The reason i was pointing watches out is because they don't require much power to run and if they can get energy out of thin air, that sort of makes sense. It's just a question how long a quartz engine can run. Anyone has a very very really old quartz watch? And i don't consider 5 years to be much...


----------



## TheoneandonlyMrK (Jul 18, 2011)

This isnt even new tech, wireless power transmission has been, being used for a while now, only the printed arial is actually new and im sure even that isnt that new


----------



## Fourstaff (Jul 18, 2011)

RejZoR said:


> Not true. Real gearheads use mechanical watches because fully mechanic timepiece has "soul" and craftmanship that cheap anyone can make it quartz watches just don't have ...
> 
> ... It's just a question how long a quartz engine can run. Anyone has a very very really old quartz watch? And i don't consider 5 years to be much...

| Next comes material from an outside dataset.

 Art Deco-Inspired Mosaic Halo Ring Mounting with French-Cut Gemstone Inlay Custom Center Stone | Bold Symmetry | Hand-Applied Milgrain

I am using a Seiko 7S36 movement watch (powering Seiko 5 etc.), the only soul it has showed me is its inaccuracy and its temperament. I still wear it (even to sleep), because its a habit. I would be very happy if someone offer me a mechanical watch with tourbillion and a repeater for free though. 

Quartz watches run for practically forever.


----------



## DigitalUK (Jul 18, 2011)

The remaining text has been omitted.